Exercise input:

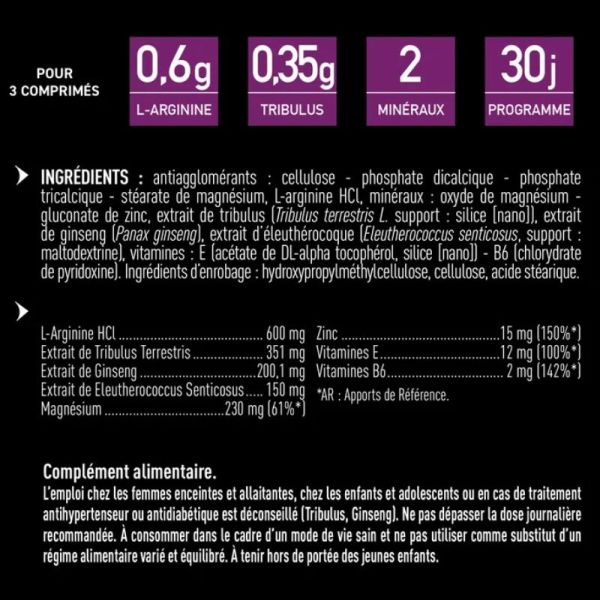 Eafit Tribulus synthèse testostérone 90 comprimes
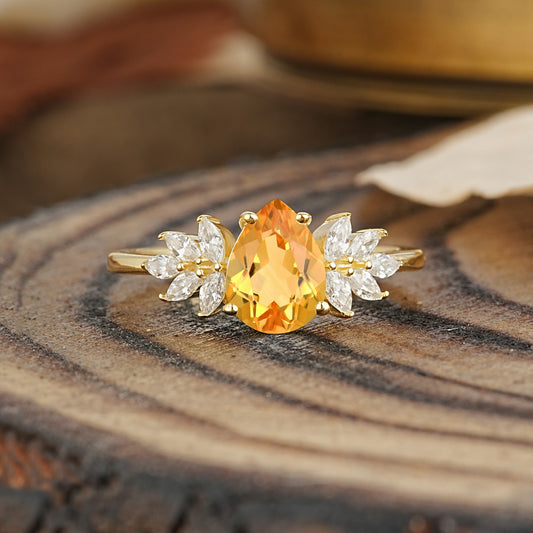 Vintage Floral Pear Cut Citrine Engagement Ring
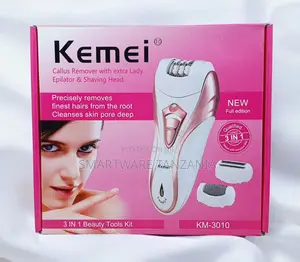 Kemei 3-in-1 Callus Remover Epilator Shaving Head Beauty Kit White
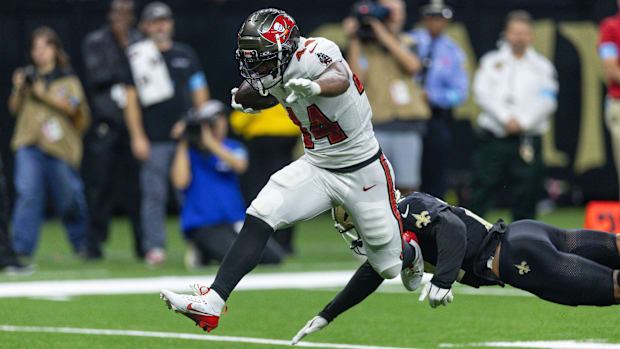Tampa Bay Buccaneers running back Sean Tucker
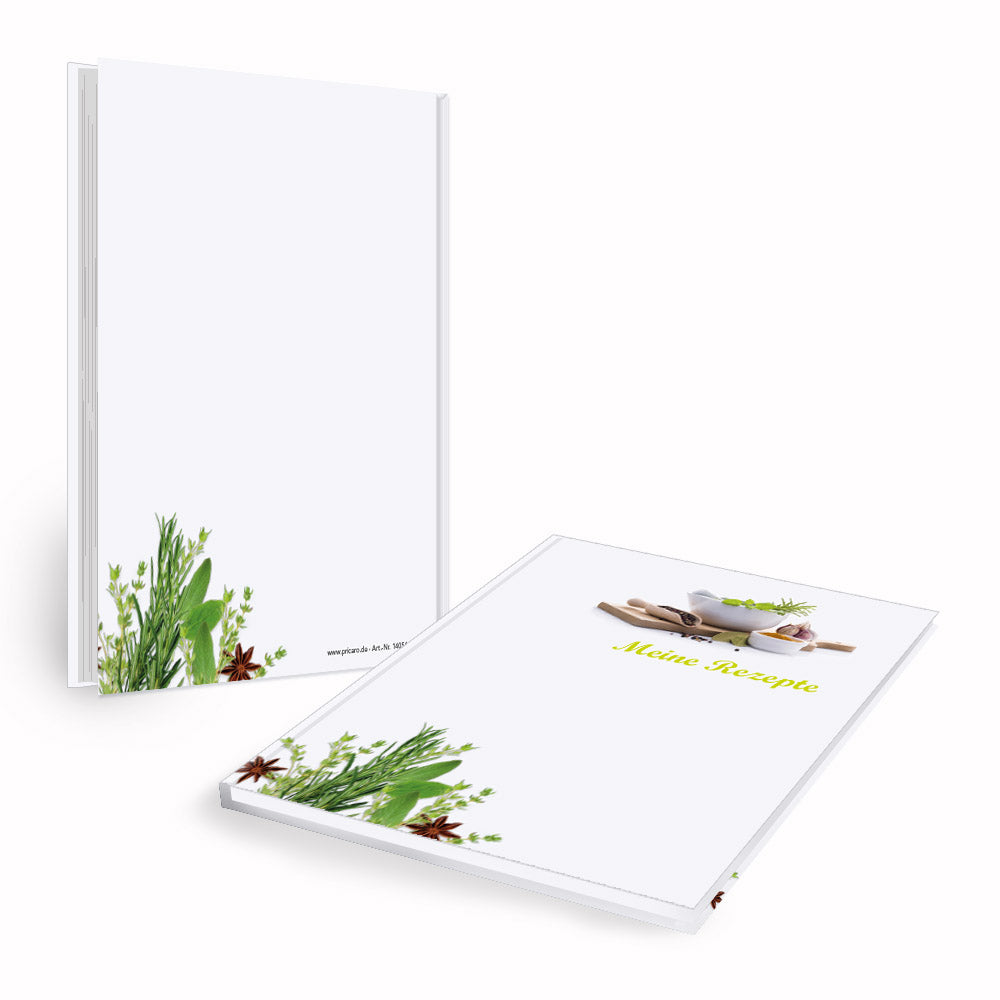 rezeptbuch "gewürze", a5, front und rückseiten ansicht, weiße/grüne optik mit abgebildeten gewürzen und der aufschrift meine rezepte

Exercise:
Where an entry holds a picture, drop it and transcribe everything else exactly.

Solved exercise:
 Eafit Tribulus synthèse testostérone 90 comprimes
 Vintage Floral Pear Cut Citrine Engagement Ring
 Kemei 3-in-1 Callus Remover Epilator Shaving Head Beauty Kit White
Tampa Bay Buccaneers running back Sean Tucker
 rezeptbuch "gewürze", a5, front und rückseiten ansicht, weiße/grüne optik mit abgebildeten gewürzen und der aufschrift meine rezepte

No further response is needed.